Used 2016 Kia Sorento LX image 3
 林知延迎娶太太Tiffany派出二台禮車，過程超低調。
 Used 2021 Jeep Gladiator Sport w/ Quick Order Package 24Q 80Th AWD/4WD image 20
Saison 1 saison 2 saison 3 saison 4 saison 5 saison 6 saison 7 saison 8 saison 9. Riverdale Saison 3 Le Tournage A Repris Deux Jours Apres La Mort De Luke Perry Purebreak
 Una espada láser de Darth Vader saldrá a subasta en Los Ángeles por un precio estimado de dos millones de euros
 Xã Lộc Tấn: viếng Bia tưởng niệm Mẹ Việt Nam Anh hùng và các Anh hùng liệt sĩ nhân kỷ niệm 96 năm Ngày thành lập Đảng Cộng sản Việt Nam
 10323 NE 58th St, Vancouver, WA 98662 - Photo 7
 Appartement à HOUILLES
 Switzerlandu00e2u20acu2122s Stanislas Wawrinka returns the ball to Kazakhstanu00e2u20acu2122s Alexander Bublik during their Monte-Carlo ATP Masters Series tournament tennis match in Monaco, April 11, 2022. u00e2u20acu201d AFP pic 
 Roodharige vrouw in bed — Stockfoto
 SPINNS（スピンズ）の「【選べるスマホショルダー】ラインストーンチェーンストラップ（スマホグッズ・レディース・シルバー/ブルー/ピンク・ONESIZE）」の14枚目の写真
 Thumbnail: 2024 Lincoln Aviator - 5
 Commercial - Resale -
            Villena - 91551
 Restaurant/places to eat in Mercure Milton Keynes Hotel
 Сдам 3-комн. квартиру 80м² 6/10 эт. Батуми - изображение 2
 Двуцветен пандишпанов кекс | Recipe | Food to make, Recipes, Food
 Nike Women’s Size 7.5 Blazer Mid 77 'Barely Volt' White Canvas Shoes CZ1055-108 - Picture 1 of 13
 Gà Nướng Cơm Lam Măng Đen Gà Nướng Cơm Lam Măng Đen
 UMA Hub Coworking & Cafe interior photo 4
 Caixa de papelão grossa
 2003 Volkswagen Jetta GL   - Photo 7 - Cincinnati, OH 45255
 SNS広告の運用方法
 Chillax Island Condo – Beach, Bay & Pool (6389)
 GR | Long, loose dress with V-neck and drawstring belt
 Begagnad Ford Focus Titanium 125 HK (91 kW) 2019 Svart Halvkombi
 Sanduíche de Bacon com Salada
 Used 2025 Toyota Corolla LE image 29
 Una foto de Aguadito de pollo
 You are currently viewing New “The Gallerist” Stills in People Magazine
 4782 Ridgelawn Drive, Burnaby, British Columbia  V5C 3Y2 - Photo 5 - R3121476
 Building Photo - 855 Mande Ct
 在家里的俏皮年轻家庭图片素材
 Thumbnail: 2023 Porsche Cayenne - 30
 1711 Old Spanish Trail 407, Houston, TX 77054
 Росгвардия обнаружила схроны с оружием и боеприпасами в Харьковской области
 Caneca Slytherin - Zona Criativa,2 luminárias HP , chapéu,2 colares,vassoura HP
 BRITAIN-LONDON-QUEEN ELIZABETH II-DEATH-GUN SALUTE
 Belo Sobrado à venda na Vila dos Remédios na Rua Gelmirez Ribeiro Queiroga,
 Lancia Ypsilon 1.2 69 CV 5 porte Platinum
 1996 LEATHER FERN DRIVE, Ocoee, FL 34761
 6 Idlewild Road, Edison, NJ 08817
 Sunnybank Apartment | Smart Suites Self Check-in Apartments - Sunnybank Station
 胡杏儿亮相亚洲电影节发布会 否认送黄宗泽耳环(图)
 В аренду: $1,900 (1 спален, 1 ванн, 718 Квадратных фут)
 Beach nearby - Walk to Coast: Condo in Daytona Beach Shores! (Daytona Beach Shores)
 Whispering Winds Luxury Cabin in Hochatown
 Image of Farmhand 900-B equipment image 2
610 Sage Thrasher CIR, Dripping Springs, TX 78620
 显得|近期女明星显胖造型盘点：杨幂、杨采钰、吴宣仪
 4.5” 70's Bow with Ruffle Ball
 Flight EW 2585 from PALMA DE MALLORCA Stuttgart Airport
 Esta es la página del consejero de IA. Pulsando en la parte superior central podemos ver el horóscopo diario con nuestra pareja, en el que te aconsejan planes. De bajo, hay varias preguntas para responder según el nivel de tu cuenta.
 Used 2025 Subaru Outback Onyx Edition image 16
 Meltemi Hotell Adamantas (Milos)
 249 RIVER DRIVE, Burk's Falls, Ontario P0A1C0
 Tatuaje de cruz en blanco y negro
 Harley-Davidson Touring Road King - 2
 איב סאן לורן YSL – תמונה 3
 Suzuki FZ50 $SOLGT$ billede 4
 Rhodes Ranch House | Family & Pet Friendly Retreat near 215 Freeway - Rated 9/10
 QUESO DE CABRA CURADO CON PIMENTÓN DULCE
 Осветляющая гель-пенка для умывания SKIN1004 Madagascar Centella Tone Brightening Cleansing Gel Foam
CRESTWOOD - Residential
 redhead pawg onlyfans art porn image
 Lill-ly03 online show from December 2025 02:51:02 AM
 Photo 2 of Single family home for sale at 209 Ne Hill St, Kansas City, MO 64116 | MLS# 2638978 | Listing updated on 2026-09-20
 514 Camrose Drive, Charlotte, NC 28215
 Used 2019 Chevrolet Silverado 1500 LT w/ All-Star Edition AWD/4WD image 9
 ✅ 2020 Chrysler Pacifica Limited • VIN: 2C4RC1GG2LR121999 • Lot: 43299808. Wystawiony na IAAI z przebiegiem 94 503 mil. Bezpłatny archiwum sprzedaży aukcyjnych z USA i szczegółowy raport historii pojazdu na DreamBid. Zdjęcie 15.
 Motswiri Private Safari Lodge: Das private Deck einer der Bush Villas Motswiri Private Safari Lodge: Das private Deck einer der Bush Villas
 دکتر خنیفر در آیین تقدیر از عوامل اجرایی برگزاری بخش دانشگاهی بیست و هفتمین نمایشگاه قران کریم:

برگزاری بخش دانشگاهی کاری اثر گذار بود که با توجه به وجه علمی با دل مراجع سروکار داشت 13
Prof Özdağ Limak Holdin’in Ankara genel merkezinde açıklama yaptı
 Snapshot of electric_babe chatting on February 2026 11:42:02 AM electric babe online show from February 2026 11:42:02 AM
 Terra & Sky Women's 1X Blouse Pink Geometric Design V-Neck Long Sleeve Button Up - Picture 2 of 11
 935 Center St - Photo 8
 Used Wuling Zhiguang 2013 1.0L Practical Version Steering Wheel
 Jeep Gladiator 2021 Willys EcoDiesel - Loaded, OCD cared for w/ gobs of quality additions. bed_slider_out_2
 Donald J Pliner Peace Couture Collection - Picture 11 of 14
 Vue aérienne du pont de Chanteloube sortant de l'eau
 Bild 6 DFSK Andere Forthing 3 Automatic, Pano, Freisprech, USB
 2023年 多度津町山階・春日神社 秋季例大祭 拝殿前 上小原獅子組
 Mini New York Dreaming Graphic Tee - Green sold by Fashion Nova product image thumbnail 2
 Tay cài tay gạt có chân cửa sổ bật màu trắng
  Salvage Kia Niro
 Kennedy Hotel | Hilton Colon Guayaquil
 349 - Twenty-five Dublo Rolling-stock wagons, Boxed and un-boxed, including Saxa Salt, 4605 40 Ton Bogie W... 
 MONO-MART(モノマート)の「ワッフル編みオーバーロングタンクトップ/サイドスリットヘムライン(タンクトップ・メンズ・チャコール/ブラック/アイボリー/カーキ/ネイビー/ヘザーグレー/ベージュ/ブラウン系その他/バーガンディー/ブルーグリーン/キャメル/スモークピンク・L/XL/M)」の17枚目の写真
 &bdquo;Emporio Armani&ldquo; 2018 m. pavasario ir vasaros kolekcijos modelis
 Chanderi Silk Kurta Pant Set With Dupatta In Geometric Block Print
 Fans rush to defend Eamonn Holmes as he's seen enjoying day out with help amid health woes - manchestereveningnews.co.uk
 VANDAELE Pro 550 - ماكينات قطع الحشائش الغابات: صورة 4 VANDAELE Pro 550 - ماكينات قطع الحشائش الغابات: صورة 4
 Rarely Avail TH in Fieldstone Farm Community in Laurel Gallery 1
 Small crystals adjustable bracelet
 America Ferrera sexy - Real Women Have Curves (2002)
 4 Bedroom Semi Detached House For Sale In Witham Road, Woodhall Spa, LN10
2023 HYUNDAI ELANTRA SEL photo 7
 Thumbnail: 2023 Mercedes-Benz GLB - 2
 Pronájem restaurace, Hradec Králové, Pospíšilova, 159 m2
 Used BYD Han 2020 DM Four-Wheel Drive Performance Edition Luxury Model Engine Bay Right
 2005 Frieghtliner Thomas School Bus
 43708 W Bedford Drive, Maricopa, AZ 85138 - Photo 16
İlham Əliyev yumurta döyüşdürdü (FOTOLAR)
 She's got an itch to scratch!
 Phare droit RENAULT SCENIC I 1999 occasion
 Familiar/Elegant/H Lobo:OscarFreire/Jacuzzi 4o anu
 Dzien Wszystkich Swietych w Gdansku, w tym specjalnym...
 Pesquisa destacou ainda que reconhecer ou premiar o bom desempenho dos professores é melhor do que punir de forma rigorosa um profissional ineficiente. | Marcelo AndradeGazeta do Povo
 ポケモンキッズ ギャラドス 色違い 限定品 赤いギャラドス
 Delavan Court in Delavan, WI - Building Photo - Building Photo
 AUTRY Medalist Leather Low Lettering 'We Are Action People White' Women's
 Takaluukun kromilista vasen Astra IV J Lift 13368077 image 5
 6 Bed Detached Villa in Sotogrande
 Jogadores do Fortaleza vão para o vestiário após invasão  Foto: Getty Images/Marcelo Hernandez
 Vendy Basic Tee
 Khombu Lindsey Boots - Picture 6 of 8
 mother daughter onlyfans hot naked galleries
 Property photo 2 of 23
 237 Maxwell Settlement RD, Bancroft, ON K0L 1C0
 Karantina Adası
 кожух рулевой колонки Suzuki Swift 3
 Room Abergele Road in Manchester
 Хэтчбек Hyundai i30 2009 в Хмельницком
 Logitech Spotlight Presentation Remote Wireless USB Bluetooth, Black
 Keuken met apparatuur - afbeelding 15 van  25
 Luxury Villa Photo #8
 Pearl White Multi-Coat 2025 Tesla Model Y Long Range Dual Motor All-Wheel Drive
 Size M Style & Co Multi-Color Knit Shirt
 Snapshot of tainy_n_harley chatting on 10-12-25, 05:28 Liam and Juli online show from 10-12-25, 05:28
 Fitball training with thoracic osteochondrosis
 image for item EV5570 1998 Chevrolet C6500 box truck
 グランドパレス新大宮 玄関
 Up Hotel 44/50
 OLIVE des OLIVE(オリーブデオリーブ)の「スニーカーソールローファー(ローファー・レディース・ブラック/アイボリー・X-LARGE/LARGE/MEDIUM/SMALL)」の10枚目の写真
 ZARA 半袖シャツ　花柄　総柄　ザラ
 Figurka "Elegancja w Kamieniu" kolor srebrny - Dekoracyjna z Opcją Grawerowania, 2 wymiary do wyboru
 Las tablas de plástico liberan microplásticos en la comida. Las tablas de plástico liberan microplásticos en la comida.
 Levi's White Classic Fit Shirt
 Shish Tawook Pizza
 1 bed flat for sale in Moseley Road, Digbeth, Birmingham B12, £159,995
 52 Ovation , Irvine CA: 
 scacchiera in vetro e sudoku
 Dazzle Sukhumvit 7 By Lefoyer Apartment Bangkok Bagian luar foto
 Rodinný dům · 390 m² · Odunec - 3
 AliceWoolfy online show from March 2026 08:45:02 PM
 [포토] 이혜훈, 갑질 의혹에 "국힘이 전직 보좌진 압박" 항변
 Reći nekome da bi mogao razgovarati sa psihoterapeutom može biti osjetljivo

§ **HOW TO COMPLETE THIS TASK**: Return, with no change at all, every line in the entries above from the line containing "Una foto de Aguadito de pollo" through the line containing "Flight EW 2585".

§ **TASK OUTPUT**:
 Una foto de Aguadito de pollo
 You are currently viewing New “The Gallerist” Stills in People Magazine
 4782 Ridgelawn Drive, Burnaby, British Columbia  V5C 3Y2 - Photo 5 - R3121476
 Building Photo - 855 Mande Ct
 在家里的俏皮年轻家庭图片素材
 Thumbnail: 2023 Porsche Cayenne - 30
 1711 Old Spanish Trail 407, Houston, TX 77054
 Росгвардия обнаружила схроны с оружием и боеприпасами в Харьковской области
 Caneca Slytherin - Zona Criativa,2 luminárias HP , chapéu,2 colares,vassoura HP
 BRITAIN-LONDON-QUEEN ELIZABETH II-DEATH-GUN SALUTE
 Belo Sobrado à venda na Vila dos Remédios na Rua Gelmirez Ribeiro Queiroga,
 Lancia Ypsilon 1.2 69 CV 5 porte Platinum
 1996 LEATHER FERN DRIVE, Ocoee, FL 34761
 6 Idlewild Road, Edison, NJ 08817
 Sunnybank Apartment | Smart Suites Self Check-in Apartments - Sunnybank Station
 胡杏儿亮相亚洲电影节发布会 否认送黄宗泽耳环(图)
 В аренду: $1,900 (1 спален, 1 ванн, 718 Квадратных фут)
 Beach nearby - Walk to Coast: Condo in Daytona Beach Shores! (Daytona Beach Shores)
 Whispering Winds Luxury Cabin in Hochatown
 Image of Farmhand 900-B equipment image 2
610 Sage Thrasher CIR, Dripping Springs, TX 78620
 显得|近期女明星显胖造型盘点：杨幂、杨采钰、吴宣仪
 4.5” 70's Bow with Ruffle Ball
 Flight EW 2585 from PALMA DE MALLORCA Stuttgart Airport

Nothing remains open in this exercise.